++++ Given records
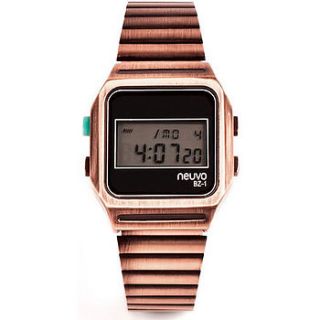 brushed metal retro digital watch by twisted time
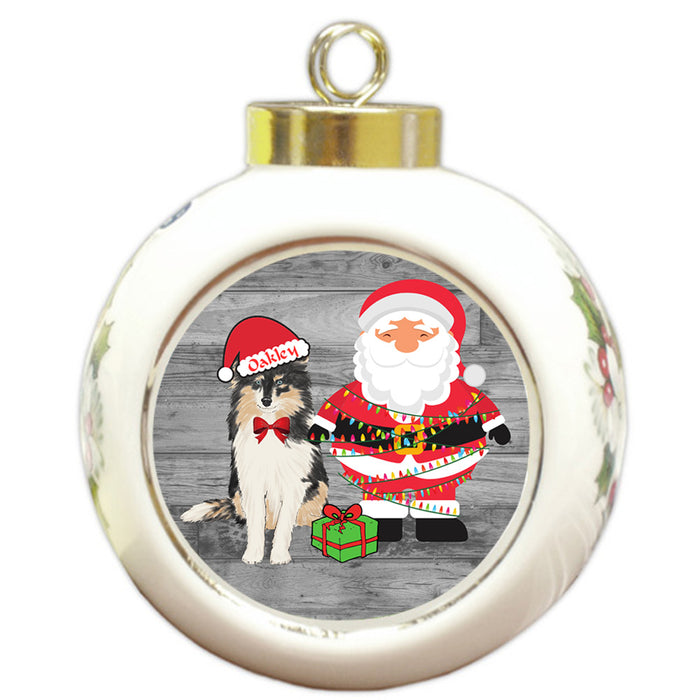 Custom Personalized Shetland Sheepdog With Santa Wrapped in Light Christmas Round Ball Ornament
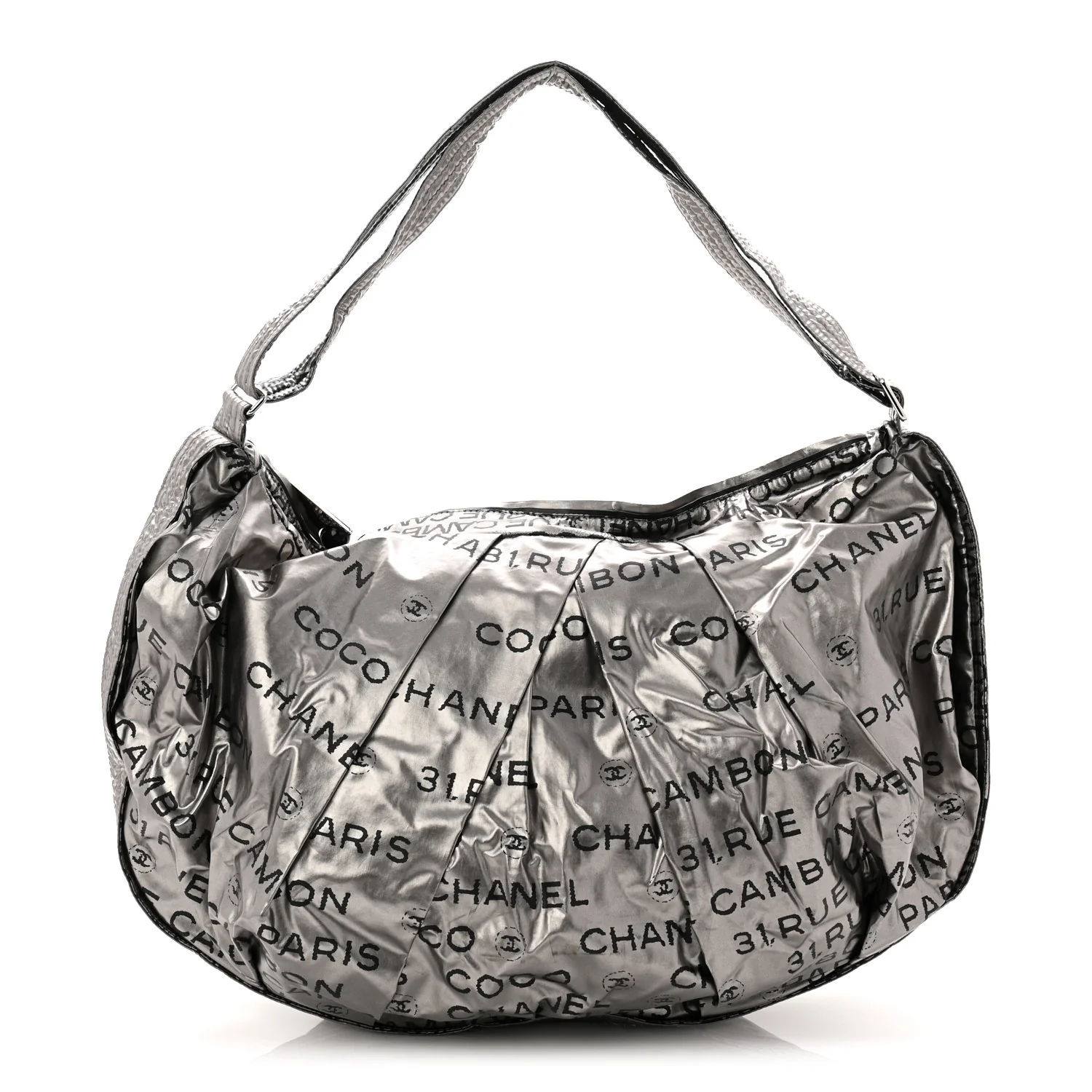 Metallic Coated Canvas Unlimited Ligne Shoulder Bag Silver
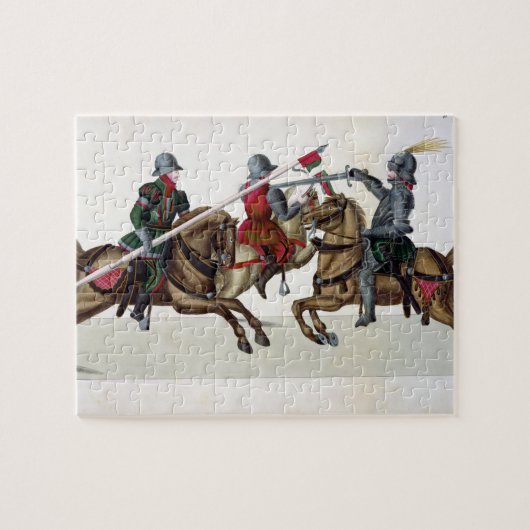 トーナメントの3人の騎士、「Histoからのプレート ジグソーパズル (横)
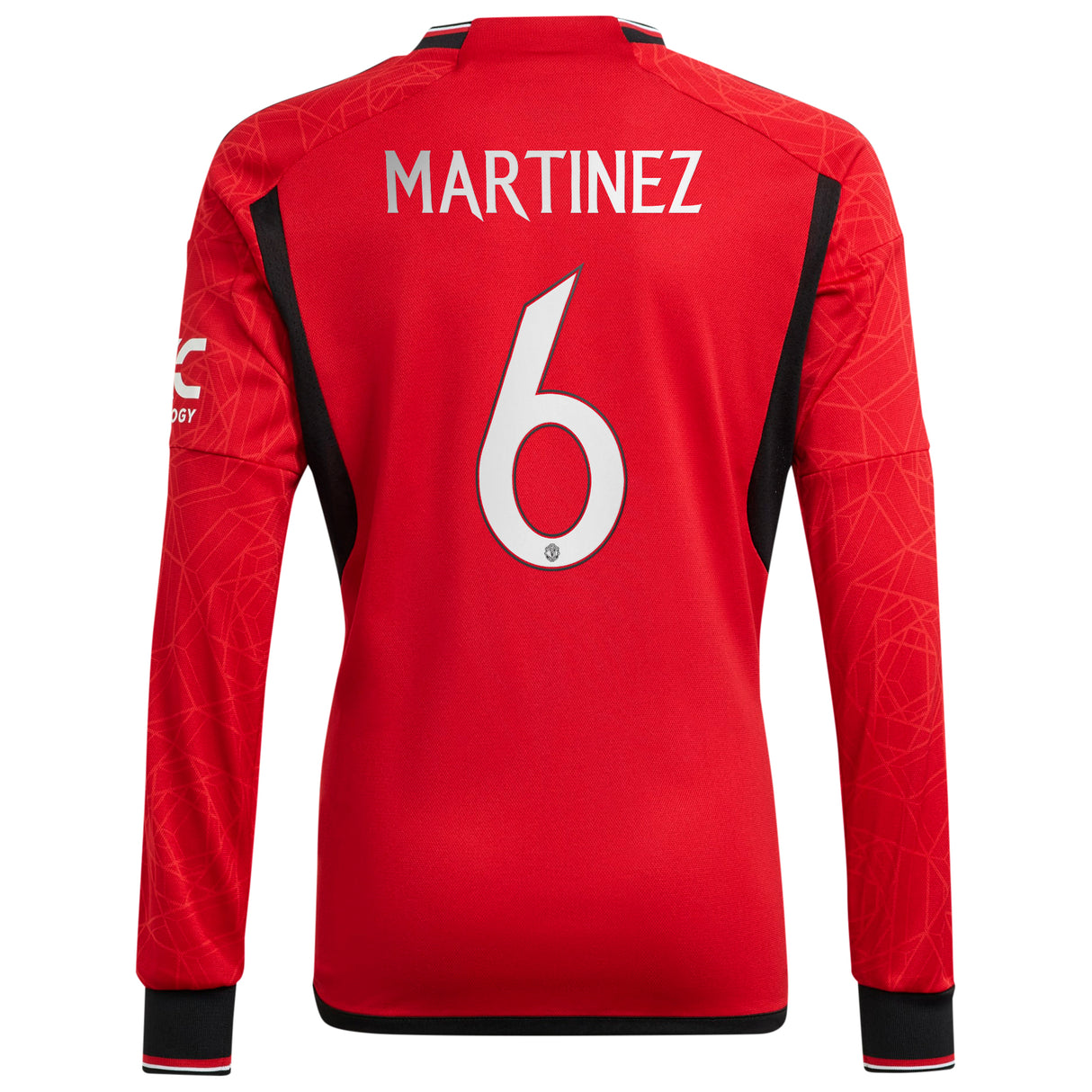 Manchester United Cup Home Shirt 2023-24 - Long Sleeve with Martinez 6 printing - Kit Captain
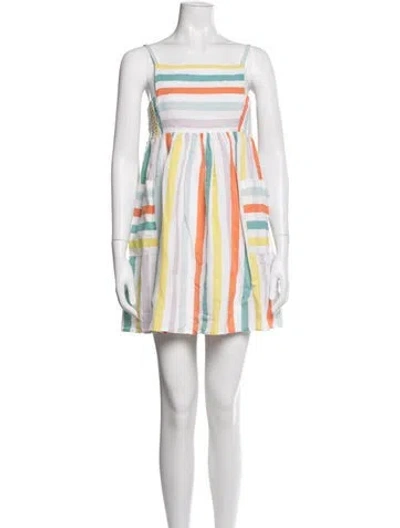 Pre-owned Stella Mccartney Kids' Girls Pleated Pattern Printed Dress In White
++++++++
What you have to do: Everything in the material except the pictures should be restated word for word.

Answer below:
 brushed metal retro digital watch by twisted time
 Custom Personalized Shetland Sheepdog With Santa Wrapped in Light Christmas Round Ball Ornament
 Metallic Coated Canvas Unlimited Ligne Shoulder Bag Silver
 トーナメントの3人の騎士、「Histoからのプレート ジグソーパズル (横)
 Manchester United Cup Home Shirt 2023-24 - Long Sleeve with Martinez 6 printing - Kit Captain
 Pre-owned Stella Mccartney Kids' Girls Pleated Pattern Printed Dress In White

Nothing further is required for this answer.